When it comes to reducing greenhouse gas emissions, much of the focus today is on new technologies for renewable energy and other cool stuff like electric cars and high tech green buildings. While these are an essential part of the solution, sometimes old tricks are the best tricks for making big reductions in emissions: saving the rainforest.

Not only do rainforests take out carbon from the atmosphere and store it, but they also produce oxygen, hold 50% of the species on the planet (think monkeys, butterflies, trees) and regulate weather patterns beyond their immediate location.

One of the best ways we can reduce global carbon emissions is by stopping people from cutting down and burning trees in rainforests. Cutting and burning of forests adds up to one fifth of the annual global carbon dioxide emissions (CO2). For rainforests, that is the equivalent of about 24,000 football fields a day that get cut! If we can stop tropical deforestation, it would be like stopping every car and truck from emitting CO2.

It’s that simple!

But, it is not that easy. As much as we would like to, those trees in the Amazon cannot be protected unless they are worth more standing that cut down, or the land they are on is worth more with them on it. So we must work to find innovative and effective ways to protect rainforests.

Photo courtest of Rainforest Partnership.

Photo courtest of Rainforest Partnership.

Experts agree that empowering communities to act as stewards of their forests works better than fencing off large sections forest and hoping that it remains untouched – working with the communities that live in and around the rainforest ensures that everyone benefits.

Over the past decade, Peru has lost more than one million hectares of rainforests to deforestation. In a new study using satellite imagery to estimate the carbon stocks of forests in Peru, researchers at Carnegie Mellon found some telling numbers.

The researchers mapped out 4.3 million hectares of the Amazon forest in the Madre de Dios region of Peru. They found that the trees in this region contained some 395 million metric tons of carbon and measured a release of 630,000 metric tons of carbon per year. They also found that older more diverse forests stored 3 times as much carbon as replanted forests.

According to the Council on Foreign Relations cutting deforestation rates by just 50 percent over the next century would provide about 12 percent of the emissions reductions that we need to meet the carbon dioxide concentration target of 450 parts per million at the end of the century. Obviously this is just part of the solution, but I think that we can do better than 50 percent. Prudent forest conservation and management efforts combined with aggressive reforestation will go a long way towards saving the planet from catastrophic climate change that our current trajectory is steering us towards.

Photo courtest of Rainforest Partnership.

Photo courtest of Rainforest Partnership.
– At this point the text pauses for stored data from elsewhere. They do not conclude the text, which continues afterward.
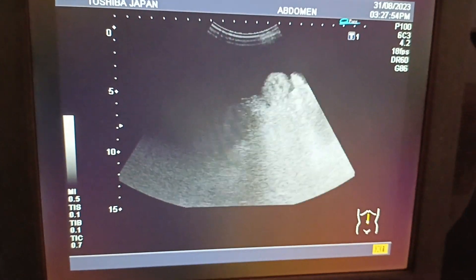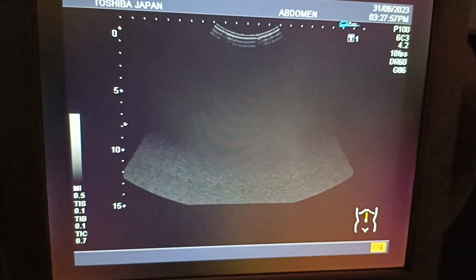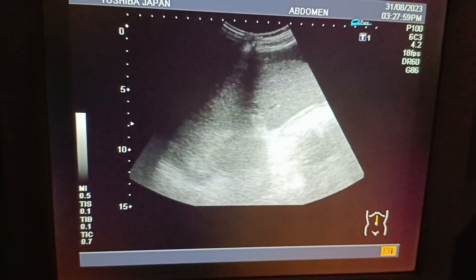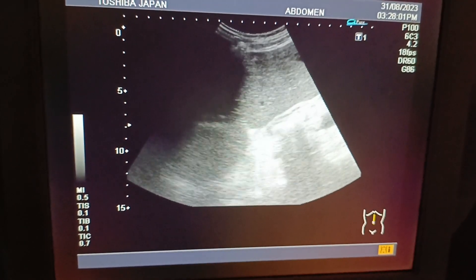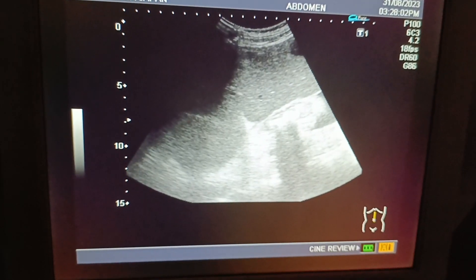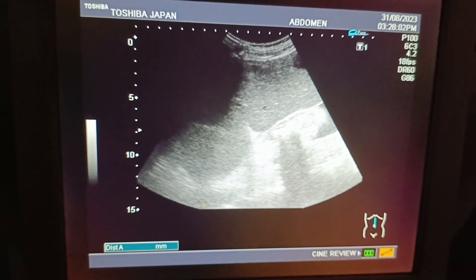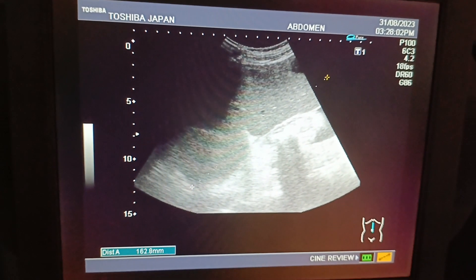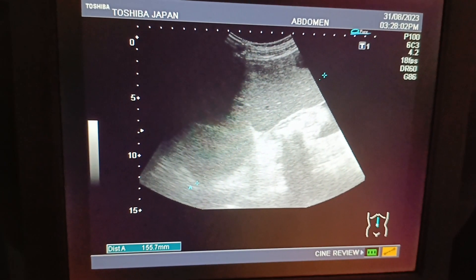You can see the gallbladder, which contains multiple stones with a thick wall.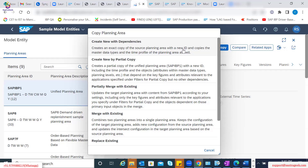While doing that, it copies all the dependencies. Meaning that if the unified planning area has different attributes, different master data types, different planning levels, different key figures - it also has predefined focused models. All those objects also get copied.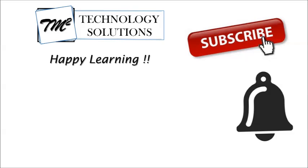In case you have any queries, feel free to comment below. Do not forget to subscribe to the channel. This will help you to follow my tutorials and updates on the sessions. Till then, take care and happy learning.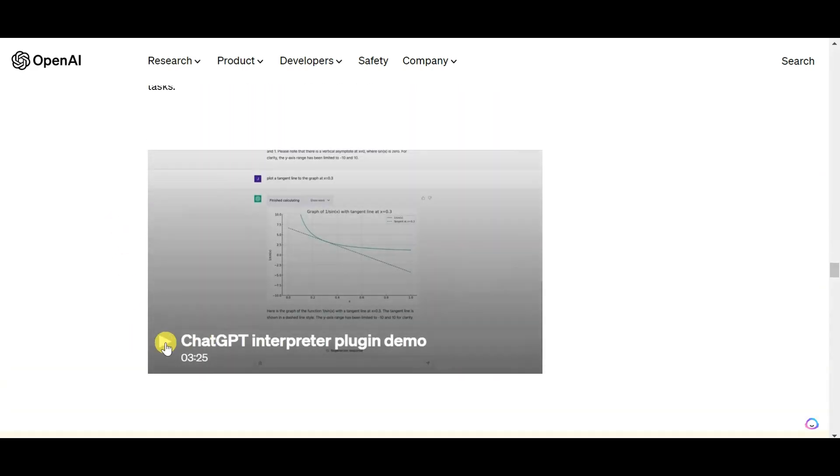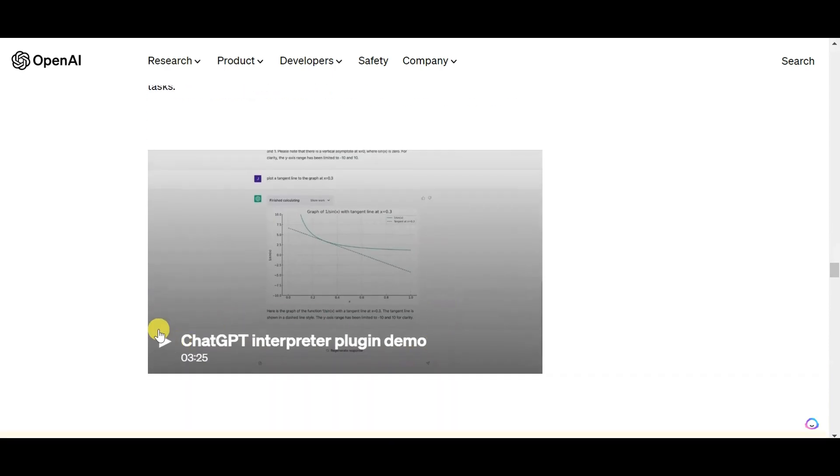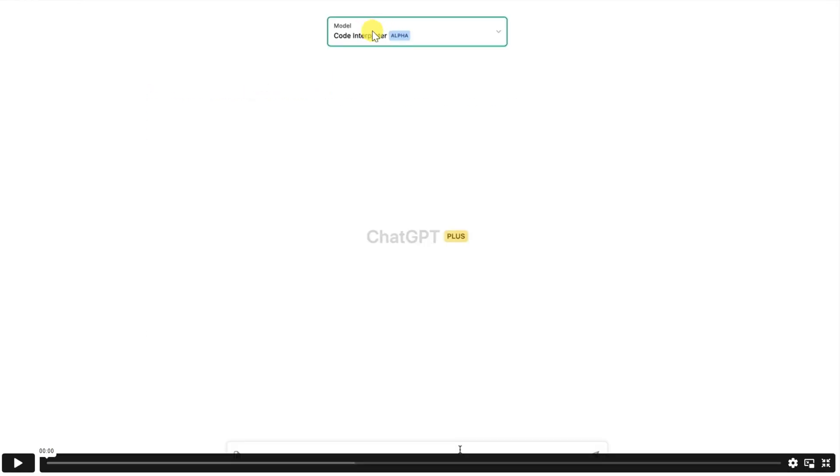Here's a video shared by OpenAI about the working process of the Code Interpreter plugin. So let's have a look at the video to better understand it.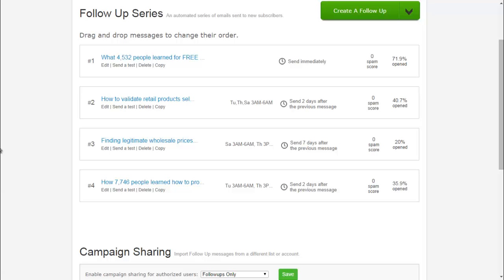And on the fourth email, that's when you sell them. You say unlock the rest of the course for $10 or $19 or $29. You have to price test yourself.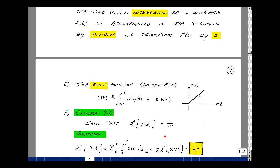Let's show that the Laplace transform of the ramp function is 1 over s squared. The Laplace transform of the definition — the integral from 0 to t of U of x dx — from our integration property equals 1 over s times the Laplace transform of U of t. The Laplace transform of U of t is just 1 over s, and multiplying by that 1 over s again, we get 1 over s squared. And so these are some of the basic properties of Laplace transforms and Laplace transform pairs.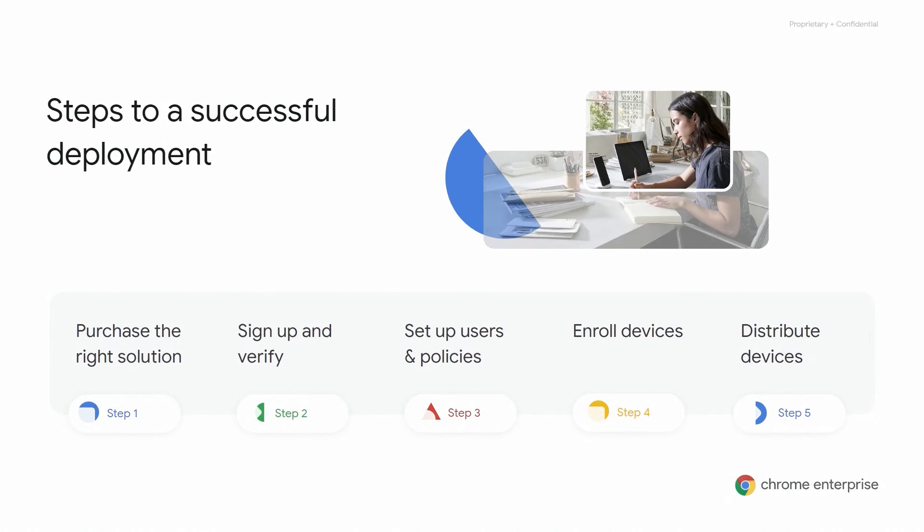Okay, let's dive in. There are five steps to a successful Chrome Enterprise deployment. This includes making sure you have the right solution to get started, signing up and verifying your domain, setting up users and deploying policies in Google Admin Console, enrolling your devices, and finally distributing devices to your employees. I realize that every use case and environment are different. Generally, these steps will be applicable to your specific environment and use case.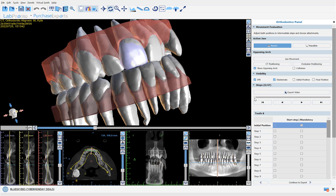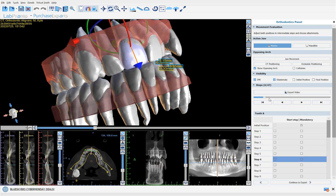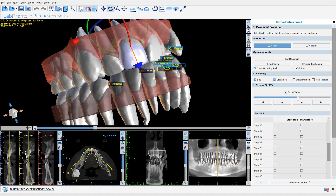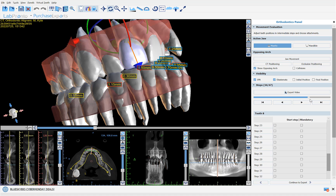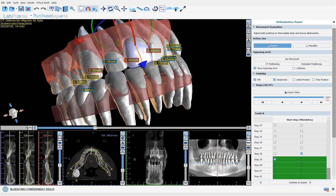As we use the slider to move through the tooth movements, we can see that the teeth are moving along with the roots that are aligned to the crowns from the segmented model.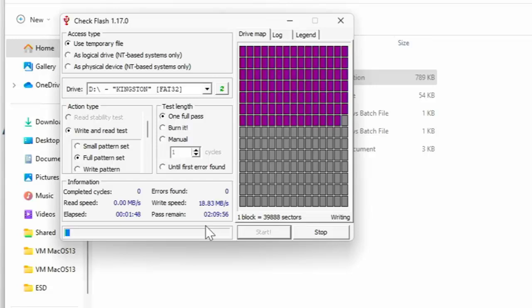So anyway, like I say, I'm going to pause this video. And what we'll do is we'll come back to it in probably about three and a half hours time and see how it's done.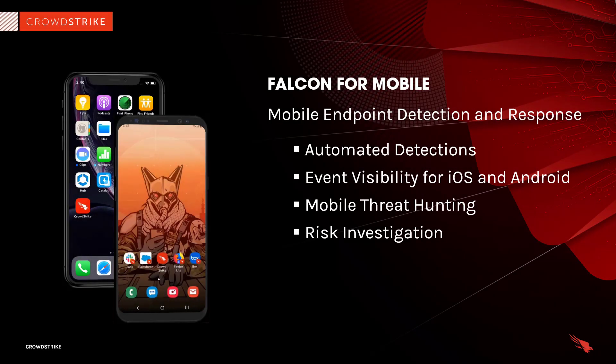CrowdStrike has delivered EDR for mobile devices. This gives organizations greater visibility, reporting, and hunting capabilities for a better understanding of the devices, events, and risks across the environment.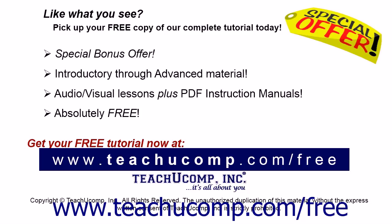Like what you see? Pick up your free copy of the complete tutorial at www.teachyoucomp.com/free.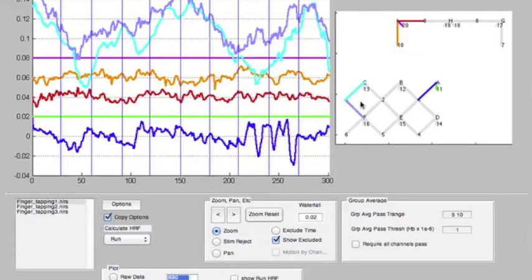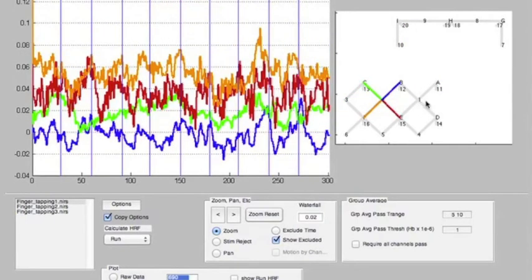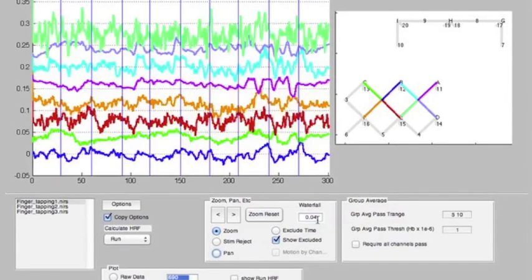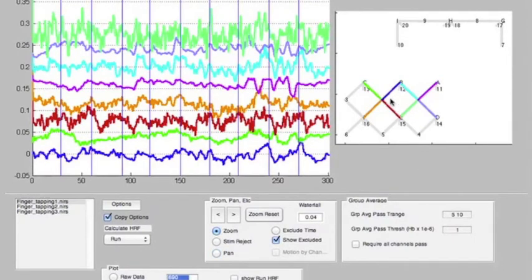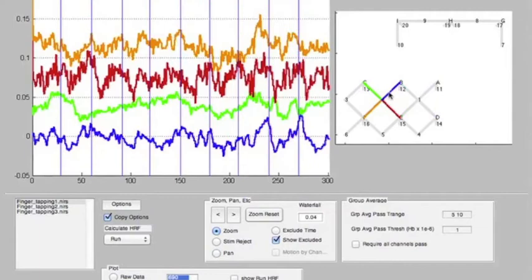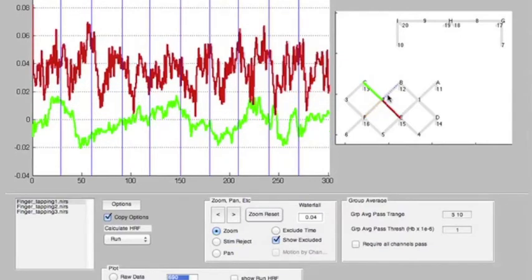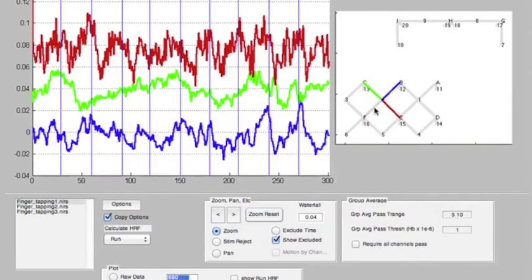I've shown you what happens when you shift-click—you get multiple channels of data. You can use the waterfall to separate those channels. I've also shown you that you can right-click to hide different channels of data, and then right-click again to bring those channels back.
This is where we step in. At Rainforest Partnership, we are partnering with communities that live and depend on the forest to create sustainable economies that protect and regenerate their forests. We believe that the best stewards of the rainforest are the people who live in the forest.

Every forest and every community is unique. Using a bottom-up approach, Rainforest Partnership matches the needs, desires, culture, knowledge and skills of local communities with sustainable economic development opportunities unique to each local forest.

At Rainforest Partnership we work with rainforest communities at the local level but there are also steps that we can all take as global consumers of products that come from the rainforest. My advice would be to become aware of what you buy. The rainforest provides us with a cornucopia of goods: coffee, chocolate, tea, fruits, and not to mention wood. As consumers we need to purchase goods that are grown and harvested sustainably and that provide real benefits to the communities that harvest them.